Records supplied START
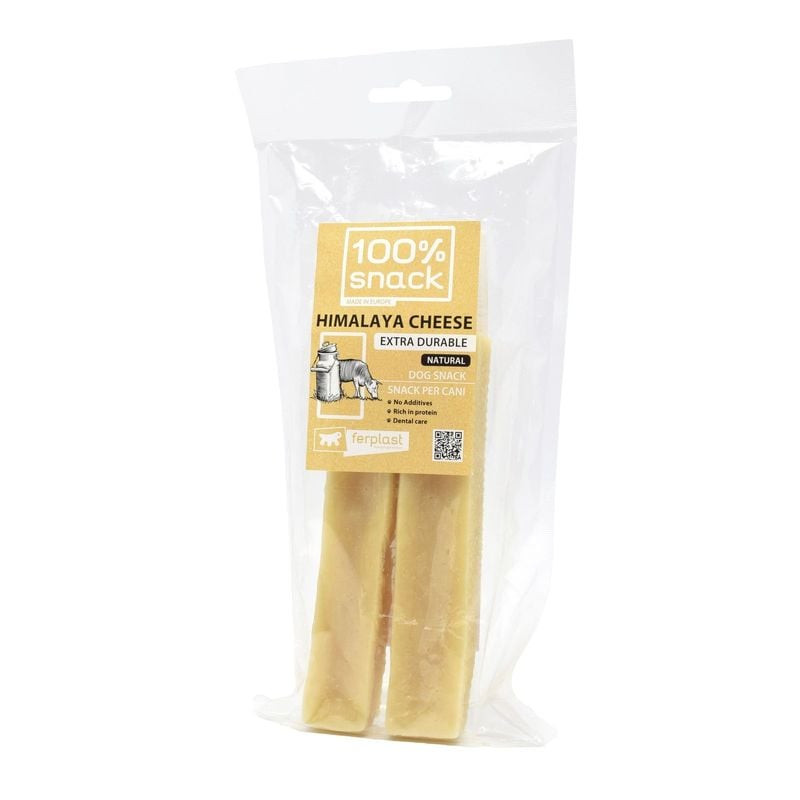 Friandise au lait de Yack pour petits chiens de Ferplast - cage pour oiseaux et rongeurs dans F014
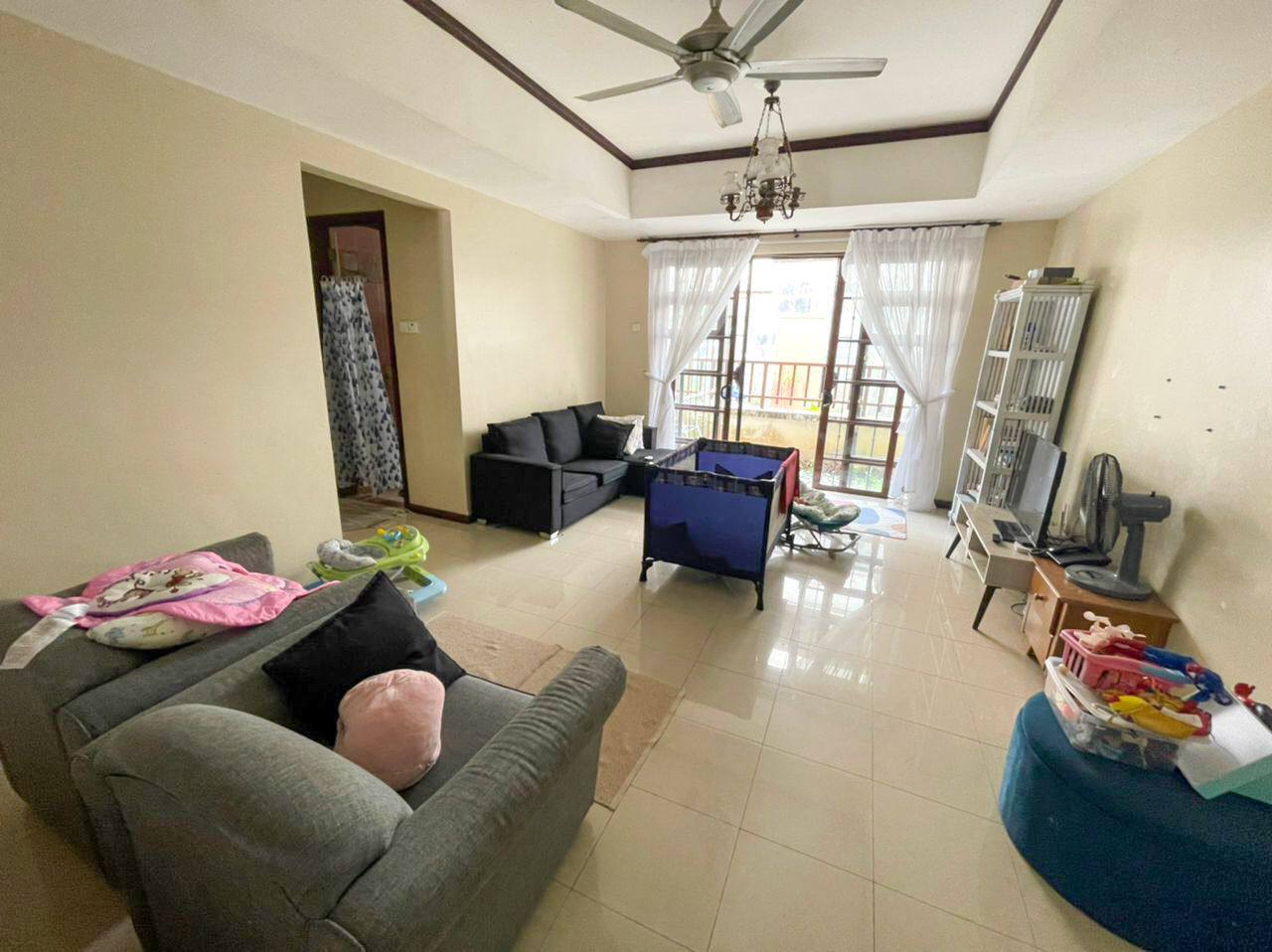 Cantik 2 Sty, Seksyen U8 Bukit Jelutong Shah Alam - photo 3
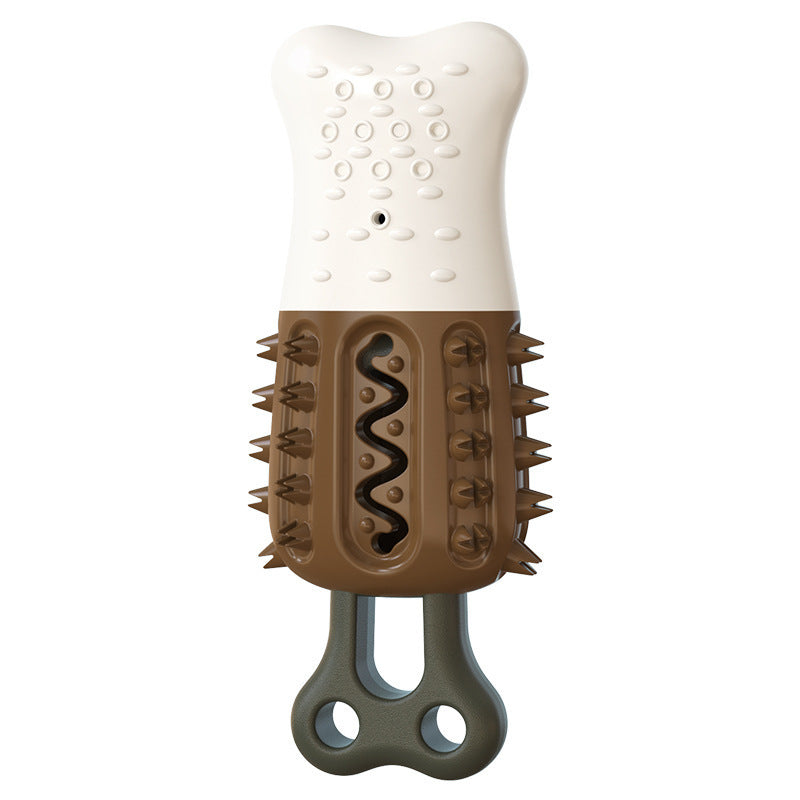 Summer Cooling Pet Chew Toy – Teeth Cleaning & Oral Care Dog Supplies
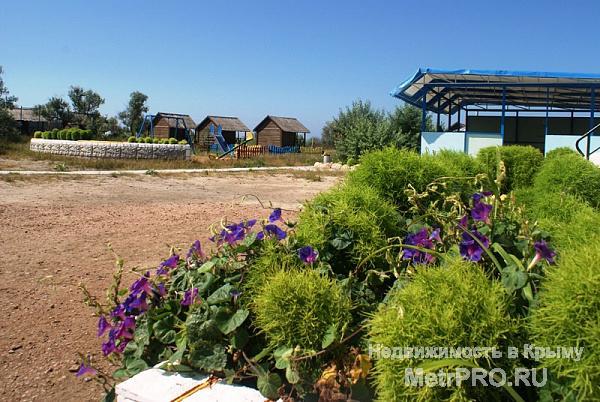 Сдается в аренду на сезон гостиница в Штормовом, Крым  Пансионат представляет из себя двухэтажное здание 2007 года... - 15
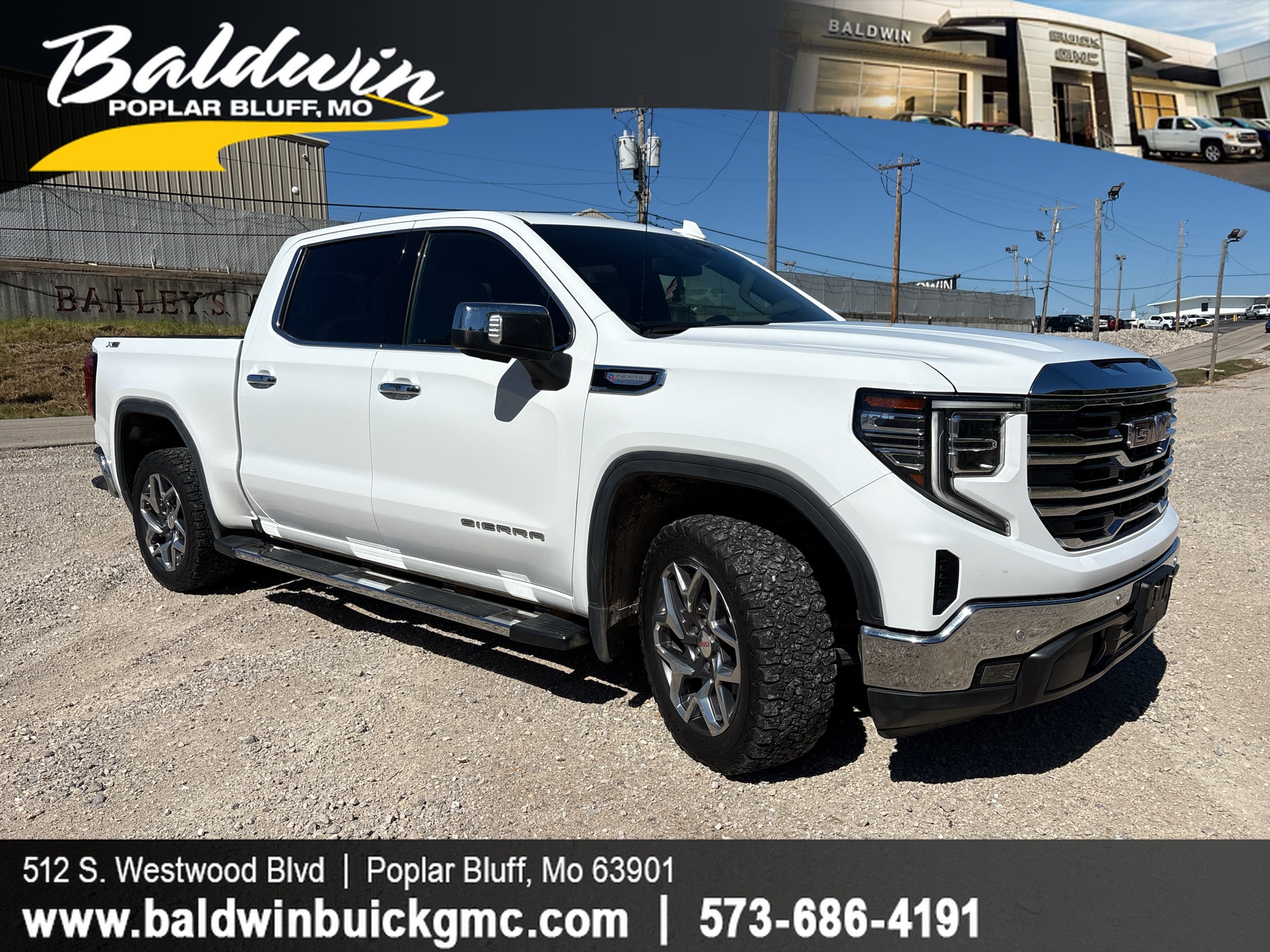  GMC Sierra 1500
Records supplied END
Records supplied START
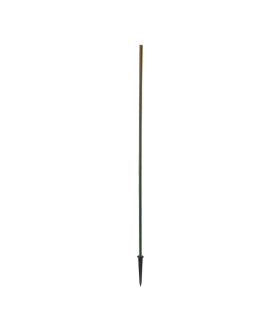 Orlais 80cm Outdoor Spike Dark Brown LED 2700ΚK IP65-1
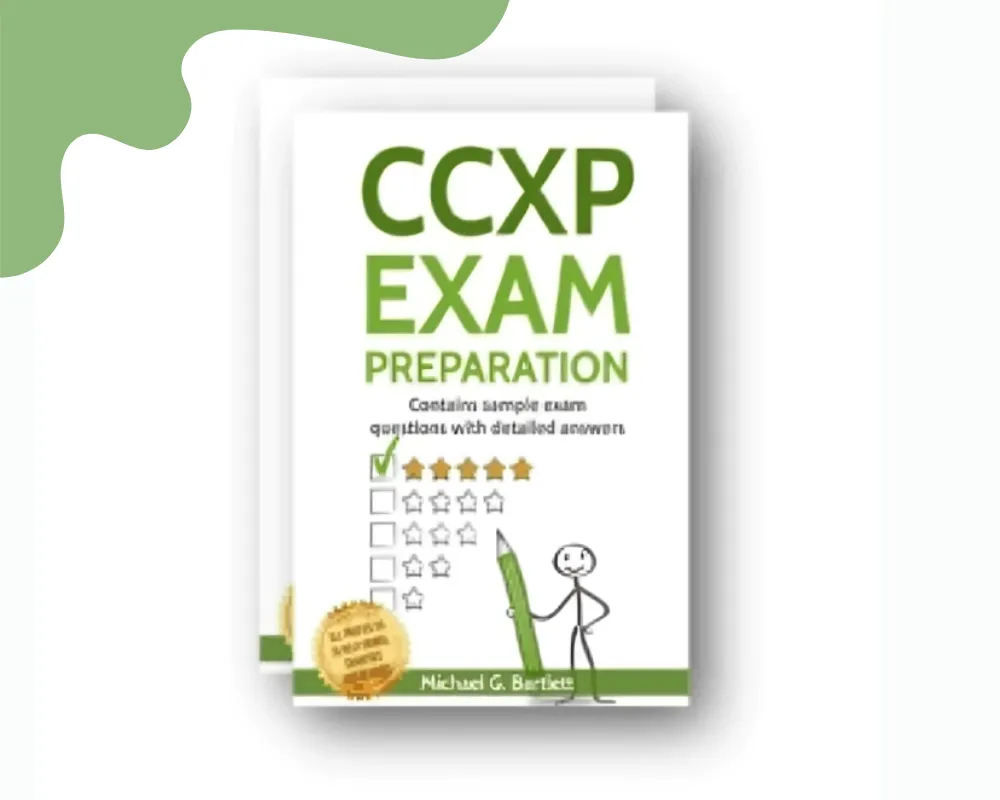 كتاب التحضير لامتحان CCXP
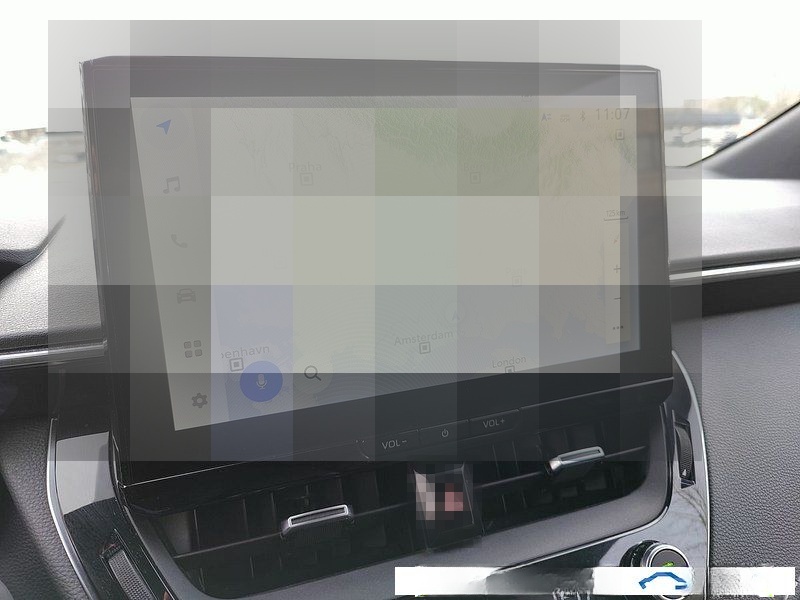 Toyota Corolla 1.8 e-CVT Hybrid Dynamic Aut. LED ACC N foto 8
Records supplied END
Records supplied START
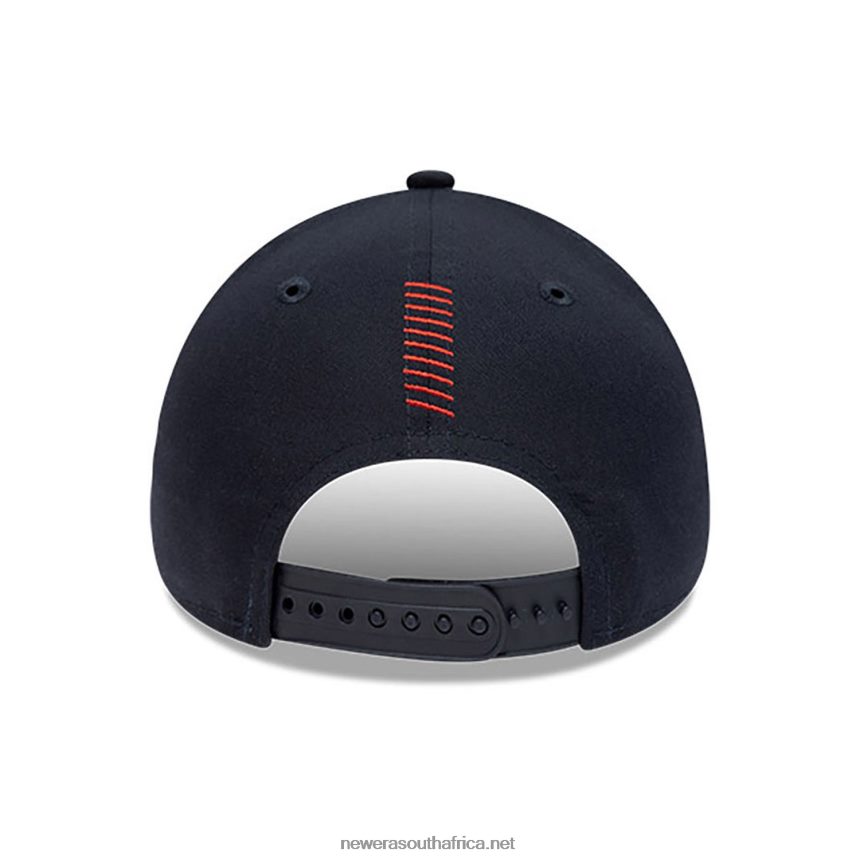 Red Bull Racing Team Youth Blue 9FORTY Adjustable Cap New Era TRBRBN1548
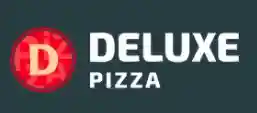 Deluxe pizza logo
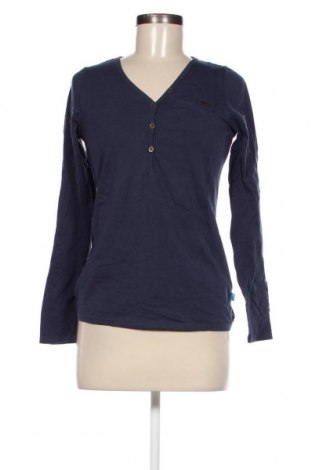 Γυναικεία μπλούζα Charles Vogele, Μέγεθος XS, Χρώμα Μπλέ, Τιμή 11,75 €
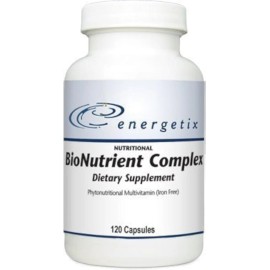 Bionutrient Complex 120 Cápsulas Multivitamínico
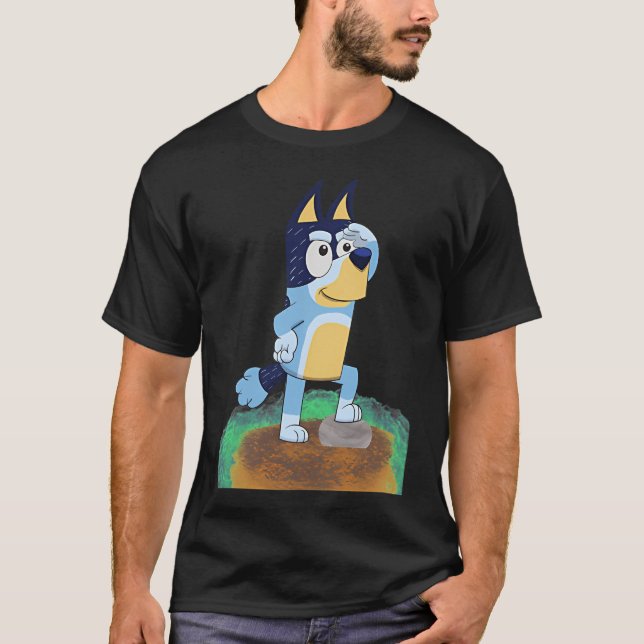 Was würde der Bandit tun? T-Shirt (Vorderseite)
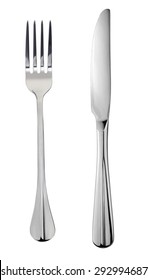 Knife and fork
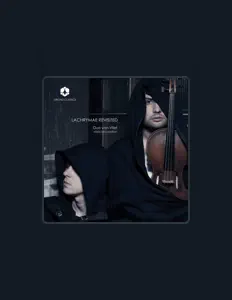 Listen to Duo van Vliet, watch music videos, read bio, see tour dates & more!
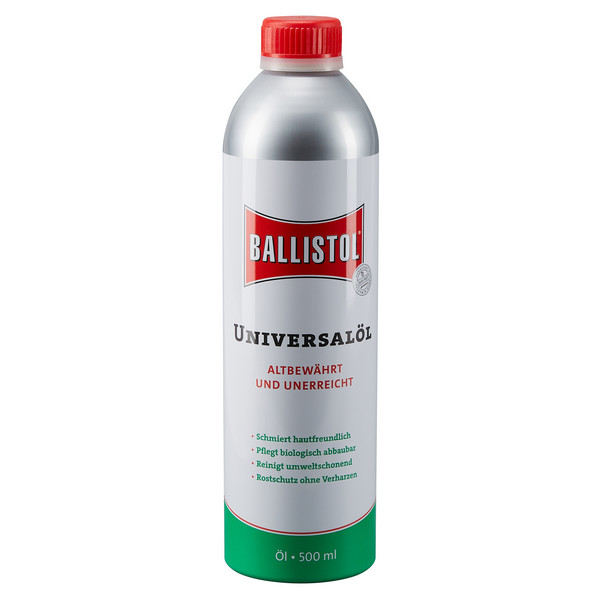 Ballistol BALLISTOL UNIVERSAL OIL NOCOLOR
Records supplied END
* Work item: Using the entries above, repeat exactly the lines from the one with "Summer Cooling Pet" to the one with "GMC Sierra 1500", both included, and leave the pictures behind.

* Exercise result:
 Summer Cooling Pet Chew Toy – Teeth Cleaning & Oral Care Dog Supplies
 Сдается в аренду на сезон гостиница в Штормовом, Крым  Пансионат представляет из себя двухэтажное здание 2007 года... - 15
  GMC Sierra 1500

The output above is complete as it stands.